**WHAT THE TASK ASKS**
Only one stretch of the data is wanted: the line containing "rinkinys - žaliosios", the line containing "صحيفة لومانيتي الفرنسية", and every line between them, copied exactly.
PROVIDED ENTRIES below:
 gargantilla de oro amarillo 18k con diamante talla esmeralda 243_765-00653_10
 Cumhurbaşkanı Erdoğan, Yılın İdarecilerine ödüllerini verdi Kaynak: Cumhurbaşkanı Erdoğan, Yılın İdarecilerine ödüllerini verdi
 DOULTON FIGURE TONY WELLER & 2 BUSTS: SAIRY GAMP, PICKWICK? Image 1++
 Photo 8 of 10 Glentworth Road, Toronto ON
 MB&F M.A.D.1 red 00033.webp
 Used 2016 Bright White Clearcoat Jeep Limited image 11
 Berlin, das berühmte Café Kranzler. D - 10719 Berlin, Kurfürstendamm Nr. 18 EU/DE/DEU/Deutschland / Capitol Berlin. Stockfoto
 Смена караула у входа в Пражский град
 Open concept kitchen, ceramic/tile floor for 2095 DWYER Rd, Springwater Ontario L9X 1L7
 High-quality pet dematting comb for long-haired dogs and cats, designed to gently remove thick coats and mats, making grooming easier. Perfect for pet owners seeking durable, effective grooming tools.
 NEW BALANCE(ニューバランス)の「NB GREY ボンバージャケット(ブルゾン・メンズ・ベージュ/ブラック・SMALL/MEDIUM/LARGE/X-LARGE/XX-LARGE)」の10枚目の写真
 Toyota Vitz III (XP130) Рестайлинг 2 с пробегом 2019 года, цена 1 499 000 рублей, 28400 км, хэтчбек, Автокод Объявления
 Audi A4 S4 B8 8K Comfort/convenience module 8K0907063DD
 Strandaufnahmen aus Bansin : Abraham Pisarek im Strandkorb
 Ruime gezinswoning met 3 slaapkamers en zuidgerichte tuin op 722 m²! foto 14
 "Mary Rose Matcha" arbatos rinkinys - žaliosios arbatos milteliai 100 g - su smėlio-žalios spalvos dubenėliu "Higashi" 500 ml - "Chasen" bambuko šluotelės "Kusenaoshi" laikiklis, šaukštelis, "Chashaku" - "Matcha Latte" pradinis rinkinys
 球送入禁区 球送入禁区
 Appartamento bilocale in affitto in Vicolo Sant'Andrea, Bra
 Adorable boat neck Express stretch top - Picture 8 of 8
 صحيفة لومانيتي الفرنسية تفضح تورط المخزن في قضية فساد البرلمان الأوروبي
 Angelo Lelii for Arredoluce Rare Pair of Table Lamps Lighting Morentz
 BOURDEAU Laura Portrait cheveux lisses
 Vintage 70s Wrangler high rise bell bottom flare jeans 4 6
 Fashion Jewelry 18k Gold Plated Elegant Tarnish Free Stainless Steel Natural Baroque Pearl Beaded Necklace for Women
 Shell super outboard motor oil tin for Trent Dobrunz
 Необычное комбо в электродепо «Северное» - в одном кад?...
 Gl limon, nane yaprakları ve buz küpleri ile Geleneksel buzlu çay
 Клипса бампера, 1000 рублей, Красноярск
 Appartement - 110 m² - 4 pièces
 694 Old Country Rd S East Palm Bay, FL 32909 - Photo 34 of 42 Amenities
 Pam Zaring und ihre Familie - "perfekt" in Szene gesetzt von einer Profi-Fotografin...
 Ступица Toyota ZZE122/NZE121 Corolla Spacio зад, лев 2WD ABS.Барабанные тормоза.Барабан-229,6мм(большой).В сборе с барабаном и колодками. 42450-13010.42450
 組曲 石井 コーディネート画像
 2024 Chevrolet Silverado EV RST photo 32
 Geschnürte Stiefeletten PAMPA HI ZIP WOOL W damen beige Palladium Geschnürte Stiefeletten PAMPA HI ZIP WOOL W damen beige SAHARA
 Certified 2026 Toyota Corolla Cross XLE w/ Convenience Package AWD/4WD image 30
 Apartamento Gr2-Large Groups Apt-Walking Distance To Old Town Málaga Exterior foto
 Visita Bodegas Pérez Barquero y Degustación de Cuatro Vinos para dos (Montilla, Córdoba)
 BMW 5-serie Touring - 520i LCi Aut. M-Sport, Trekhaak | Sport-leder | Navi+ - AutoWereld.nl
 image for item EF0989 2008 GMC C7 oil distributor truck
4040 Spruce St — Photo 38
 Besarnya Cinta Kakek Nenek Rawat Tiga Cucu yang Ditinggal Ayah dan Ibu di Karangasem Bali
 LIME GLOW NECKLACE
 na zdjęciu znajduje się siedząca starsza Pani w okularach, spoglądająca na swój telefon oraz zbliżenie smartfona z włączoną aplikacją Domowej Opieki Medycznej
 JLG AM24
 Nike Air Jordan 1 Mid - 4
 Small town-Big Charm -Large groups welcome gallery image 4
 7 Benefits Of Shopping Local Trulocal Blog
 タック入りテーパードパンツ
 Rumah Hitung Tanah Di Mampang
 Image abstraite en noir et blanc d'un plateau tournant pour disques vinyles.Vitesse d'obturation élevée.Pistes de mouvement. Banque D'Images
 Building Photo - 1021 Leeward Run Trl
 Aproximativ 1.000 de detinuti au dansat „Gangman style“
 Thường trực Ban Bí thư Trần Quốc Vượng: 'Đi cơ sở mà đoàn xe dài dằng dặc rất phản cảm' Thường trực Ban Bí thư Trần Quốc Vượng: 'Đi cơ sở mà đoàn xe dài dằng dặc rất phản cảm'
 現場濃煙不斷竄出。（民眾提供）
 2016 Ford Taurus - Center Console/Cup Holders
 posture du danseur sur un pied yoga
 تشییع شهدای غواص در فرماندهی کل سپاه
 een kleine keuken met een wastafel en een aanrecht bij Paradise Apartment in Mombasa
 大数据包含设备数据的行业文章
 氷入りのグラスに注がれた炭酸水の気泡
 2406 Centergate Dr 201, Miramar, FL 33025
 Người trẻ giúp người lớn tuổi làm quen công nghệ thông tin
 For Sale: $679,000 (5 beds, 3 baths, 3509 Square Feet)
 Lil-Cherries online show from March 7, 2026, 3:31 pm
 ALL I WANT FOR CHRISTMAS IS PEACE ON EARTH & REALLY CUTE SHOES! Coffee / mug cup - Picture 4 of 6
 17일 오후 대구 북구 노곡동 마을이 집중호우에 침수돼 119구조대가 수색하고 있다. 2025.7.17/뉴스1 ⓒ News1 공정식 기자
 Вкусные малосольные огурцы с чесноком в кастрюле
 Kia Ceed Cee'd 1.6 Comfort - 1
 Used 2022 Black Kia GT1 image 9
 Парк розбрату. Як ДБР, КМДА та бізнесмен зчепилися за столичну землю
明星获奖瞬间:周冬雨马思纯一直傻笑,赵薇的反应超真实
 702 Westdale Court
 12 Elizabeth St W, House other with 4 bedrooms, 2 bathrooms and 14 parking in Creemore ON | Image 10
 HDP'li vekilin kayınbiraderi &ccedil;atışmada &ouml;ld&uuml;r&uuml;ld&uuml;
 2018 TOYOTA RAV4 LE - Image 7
End of PROVIDED ENTRIES.
**REPLY**
 "Mary Rose Matcha" arbatos rinkinys - žaliosios arbatos milteliai 100 g - su smėlio-žalios spalvos dubenėliu "Higashi" 500 ml - "Chasen" bambuko šluotelės "Kusenaoshi" laikiklis, šaukštelis, "Chashaku" - "Matcha Latte" pradinis rinkinys
 球送入禁区 球送入禁区
 Appartamento bilocale in affitto in Vicolo Sant'Andrea, Bra
 Adorable boat neck Express stretch top - Picture 8 of 8
 صحيفة لومانيتي الفرنسية تفضح تورط المخزن في قضية فساد البرلمان الأوروبي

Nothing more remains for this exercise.